Dataset excerpt: Begin

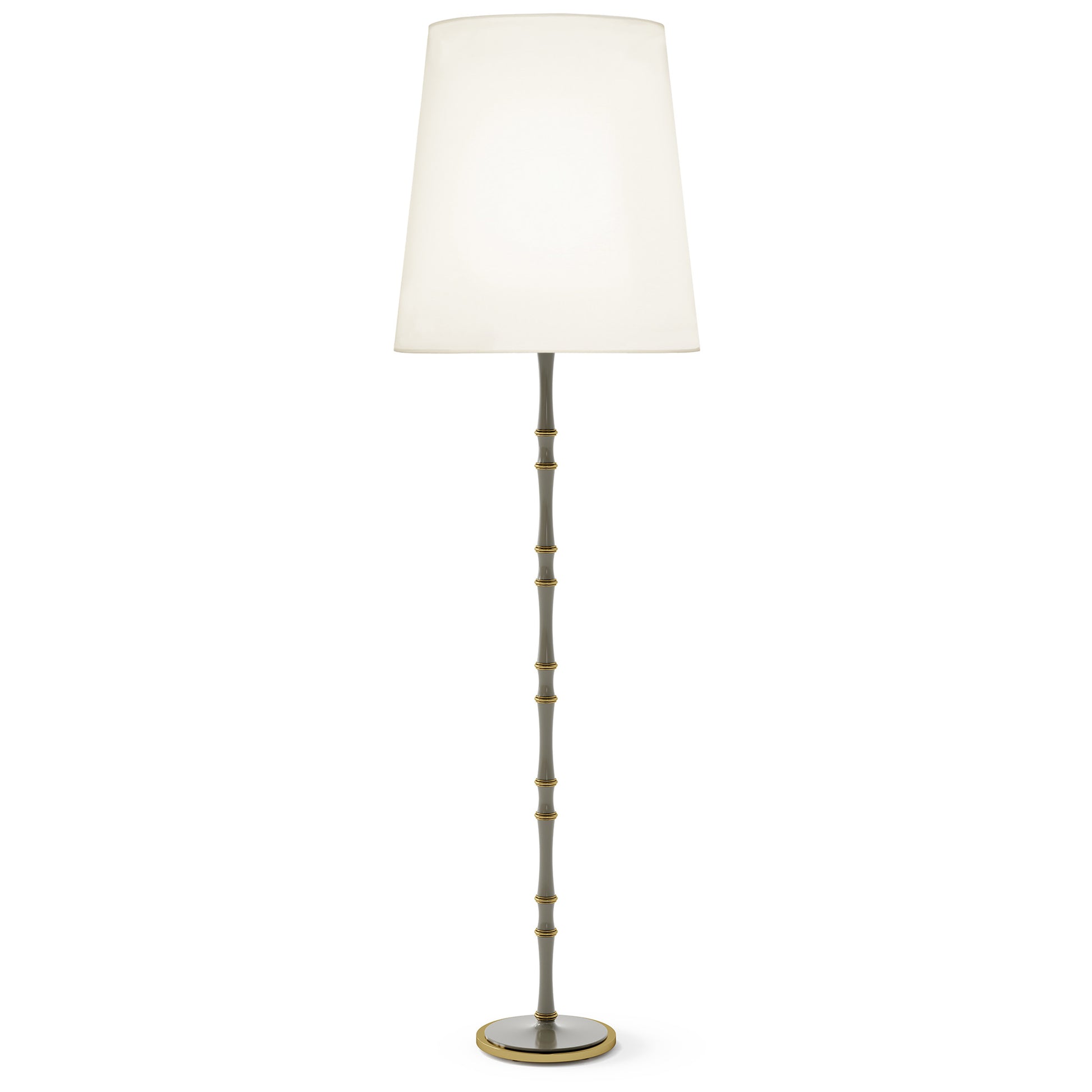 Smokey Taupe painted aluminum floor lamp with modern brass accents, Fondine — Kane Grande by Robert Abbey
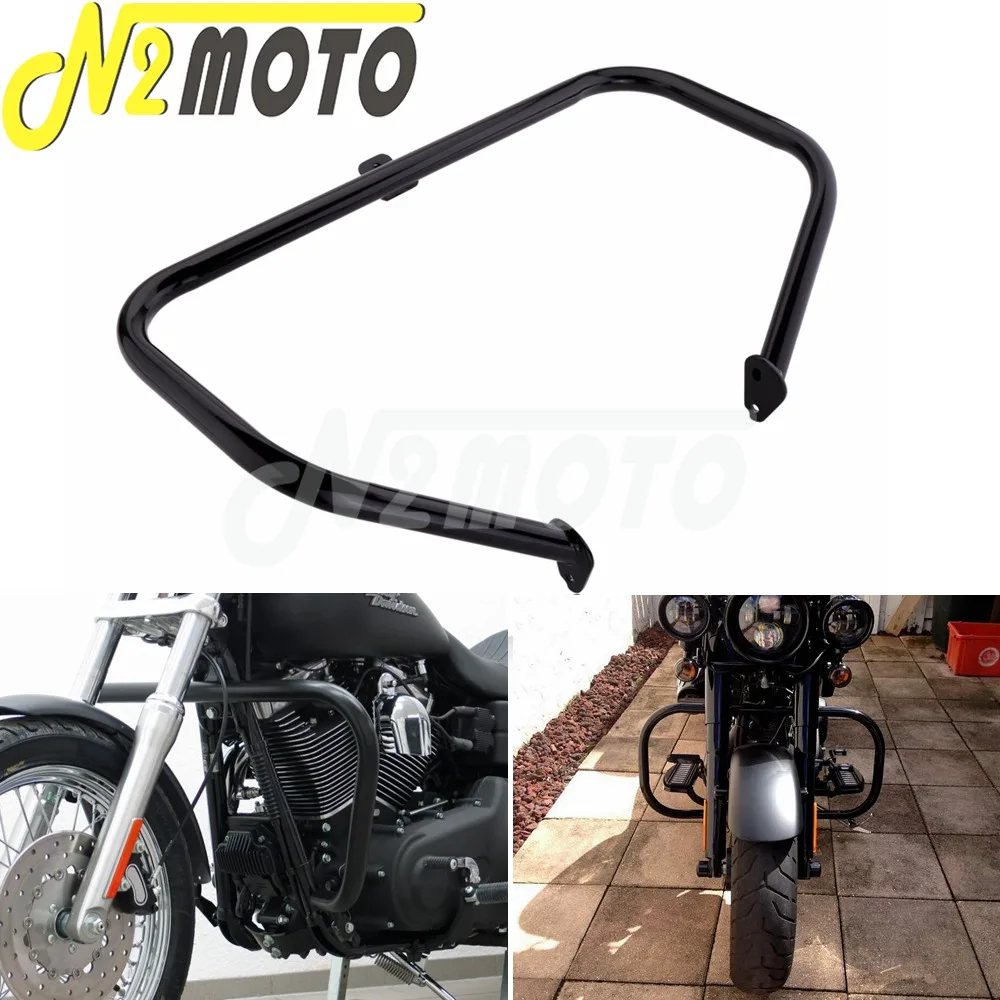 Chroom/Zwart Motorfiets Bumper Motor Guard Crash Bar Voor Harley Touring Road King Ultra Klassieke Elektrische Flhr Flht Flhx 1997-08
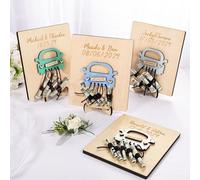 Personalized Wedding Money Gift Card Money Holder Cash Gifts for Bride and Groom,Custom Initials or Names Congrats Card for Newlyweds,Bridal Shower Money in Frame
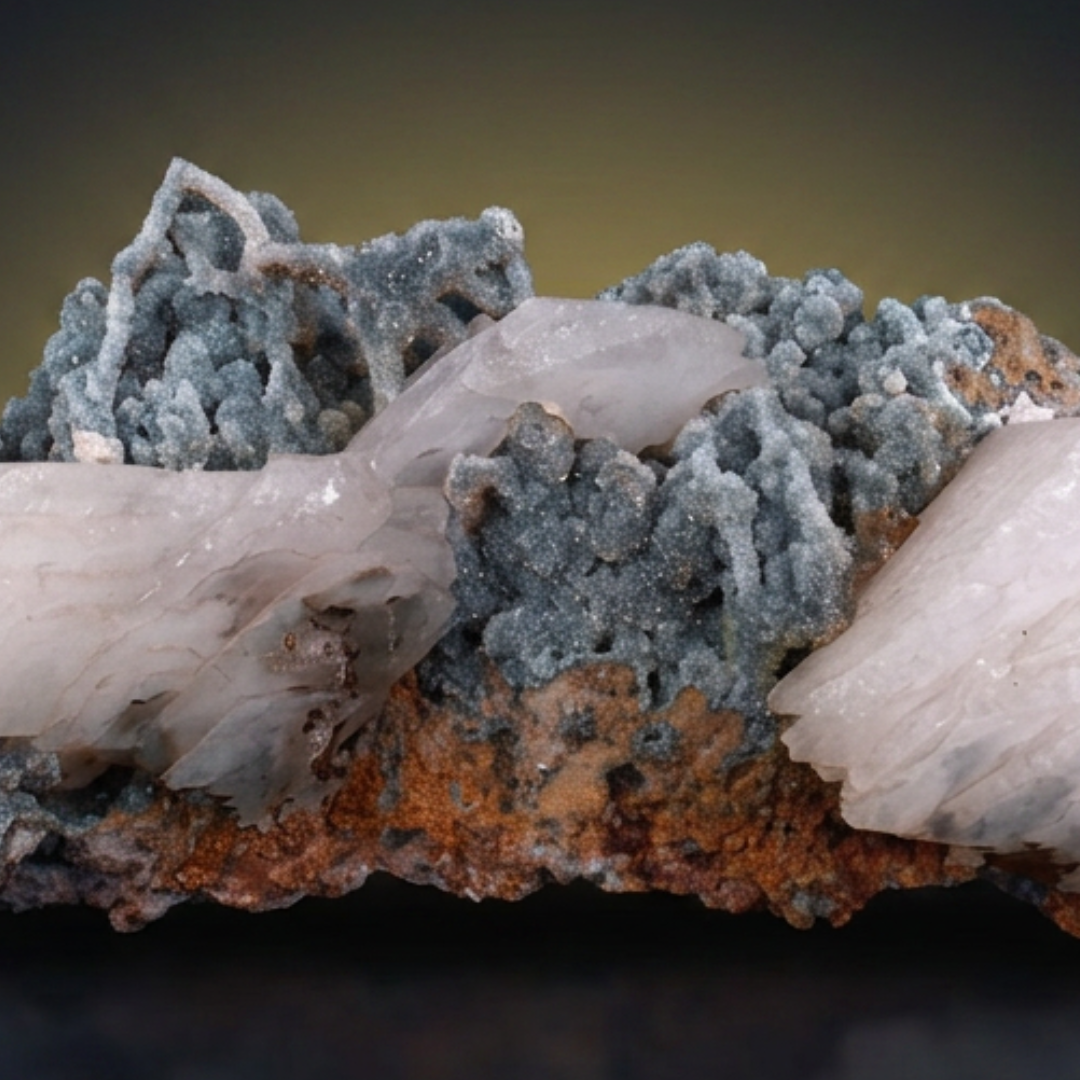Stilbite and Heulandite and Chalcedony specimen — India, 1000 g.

Dataset excerpt: End

### Exercise objective
The lines from the one containing "Personalized Wedding Money" to the final line of the material, both ends included, should be retyped exactly and alone, with no pictures.

### Reply
 Personalized Wedding Money Gift Card Money Holder Cash Gifts for Bride and Groom,Custom Initials or Names Congrats Card for Newlyweds,Bridal Shower Money in Frame
Stilbite and Heulandite and Chalcedony specimen — India, 1000 g.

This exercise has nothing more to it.